Il fallimento del mercato dei crediti

E poi, ovviamente, c’è il fallimento dei mercato dei crediti, nato, appunto, dal Protocollo di Kyoto e che, afferma Baranes, semplicemente “non funziona o funziona molto male”, tanto che i progetti hanno talvolta persino effetti devastanti sulle comunità locali e spesso persino sull’ambiente, mentre il contributo alla riduzione delle emissioni è inesistente. “Inchieste giornalistiche importanti hanno messo in luce che spesso di tratta di vere e proprie truffe, progetti senza valore, con impatti enormi, contadini espulsi perché sulle loro terre si sono piantati milioni di eucalipti, con danni alla biodiversità”, nota Baranes.

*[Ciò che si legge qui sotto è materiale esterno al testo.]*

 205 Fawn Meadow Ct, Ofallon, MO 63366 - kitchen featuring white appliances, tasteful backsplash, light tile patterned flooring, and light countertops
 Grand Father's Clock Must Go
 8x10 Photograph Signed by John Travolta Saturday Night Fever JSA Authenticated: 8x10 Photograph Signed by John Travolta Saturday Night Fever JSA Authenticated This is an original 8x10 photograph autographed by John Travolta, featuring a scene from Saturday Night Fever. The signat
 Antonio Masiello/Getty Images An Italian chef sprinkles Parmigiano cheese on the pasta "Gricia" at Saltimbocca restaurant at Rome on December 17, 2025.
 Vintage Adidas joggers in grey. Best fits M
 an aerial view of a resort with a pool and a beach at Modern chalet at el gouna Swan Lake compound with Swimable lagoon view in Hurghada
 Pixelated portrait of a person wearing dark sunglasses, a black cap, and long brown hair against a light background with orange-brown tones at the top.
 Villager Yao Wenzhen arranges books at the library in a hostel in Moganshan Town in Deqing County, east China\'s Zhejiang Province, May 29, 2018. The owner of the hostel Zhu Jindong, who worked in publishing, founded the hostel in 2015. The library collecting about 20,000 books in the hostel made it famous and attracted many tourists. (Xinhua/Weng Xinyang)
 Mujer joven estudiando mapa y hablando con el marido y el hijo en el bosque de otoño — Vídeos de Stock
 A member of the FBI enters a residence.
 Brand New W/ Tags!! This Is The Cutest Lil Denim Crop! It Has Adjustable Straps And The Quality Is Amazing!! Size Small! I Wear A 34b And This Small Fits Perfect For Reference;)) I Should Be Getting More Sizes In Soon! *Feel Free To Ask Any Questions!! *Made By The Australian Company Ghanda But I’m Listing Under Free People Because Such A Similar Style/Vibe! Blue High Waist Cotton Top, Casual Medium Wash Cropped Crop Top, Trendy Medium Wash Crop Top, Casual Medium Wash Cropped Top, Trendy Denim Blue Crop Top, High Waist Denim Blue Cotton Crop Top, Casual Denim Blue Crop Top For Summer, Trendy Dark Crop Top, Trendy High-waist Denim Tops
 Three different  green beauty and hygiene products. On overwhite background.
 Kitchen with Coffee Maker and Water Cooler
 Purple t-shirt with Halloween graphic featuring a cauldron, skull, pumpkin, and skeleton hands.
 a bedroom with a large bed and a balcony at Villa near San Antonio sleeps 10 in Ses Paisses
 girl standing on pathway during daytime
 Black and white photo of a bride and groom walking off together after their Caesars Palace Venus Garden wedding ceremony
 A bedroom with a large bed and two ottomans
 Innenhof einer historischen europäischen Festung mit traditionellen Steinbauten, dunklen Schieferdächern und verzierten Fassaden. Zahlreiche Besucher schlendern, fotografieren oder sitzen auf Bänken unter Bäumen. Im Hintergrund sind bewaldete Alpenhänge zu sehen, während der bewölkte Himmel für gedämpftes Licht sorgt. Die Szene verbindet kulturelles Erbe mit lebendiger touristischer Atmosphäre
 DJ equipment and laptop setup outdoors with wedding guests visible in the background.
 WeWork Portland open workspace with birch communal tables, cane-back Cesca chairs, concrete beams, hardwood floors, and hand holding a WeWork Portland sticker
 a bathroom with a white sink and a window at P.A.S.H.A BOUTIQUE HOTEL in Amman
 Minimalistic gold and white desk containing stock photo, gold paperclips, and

In compenso, con il mercato dei crediti si è passati dal principio che “chi inquina paga” a quello per cui “chi paga può inquinare”. Ultima questione che dimostra il fallimento di una finanziarizzazione del clima è il tema dei derivati, che più che assicurazioni sono diventati vere e proprie scommesse, anche su fenomeni climatici, tanto che c’è chi guadagna sulle devastazioni ambientali.

Perché bisogna cambiare narrativa

Ma allora, come siamo arrivati fino qui? Perché la finanza sembra aver preso in ostaggio l’intero processo, imponendo meccanismi di mercato come principali strumento di contrasto alla crisi climatica (meccanismi alternativi a una seria regolamentazione), e affermandosi come perno attorno a cui devono ruotare le politiche? Il libro indica come cambiare rotta, ad esempio ragionando su interventi per dirigere l’l’erogazione del credito verso progetti con impatti positivi sul clima e rendendo prodotti inquinanti meno remunerativi. ““Il percorso europeo sulla finanza sostenibile avrebbe dovuto elencare poche cose che non si possono assolutamente fare, mentre invece si continuano ad allargare le maglie”, spiega il ricercatore. Ma a monte ci deve essere una revisione generale “dell’impianto culturale su cui si è sviluppata la narrativa attuale e l’attuale approccio della finanza al clima”.
Insomma, se tutti – o quasi – sono d’accordo sull’urgenza di agire, non si discute di come uscire dalle fossili, ma al contrario di come continuare a estrarle e bruciarle mascherando il tutto dietro la parola “sostenibilità”, tra mercato delle emissioni e tecnologie che nel migliore dei casi danno un contributo marginale, come la cattura del carbonio emesso. “Ancora peggio”, conclude il ricercatore, “oggi non si guarda più agli enormi impatti che la finanza ha sul clima, ma ci si interessa al clima solo se, e fino a che, sono a rischio i profitti. La finanza è il faro delle decisioni politiche, l’impegno sul clima una variabile su cui giocare”.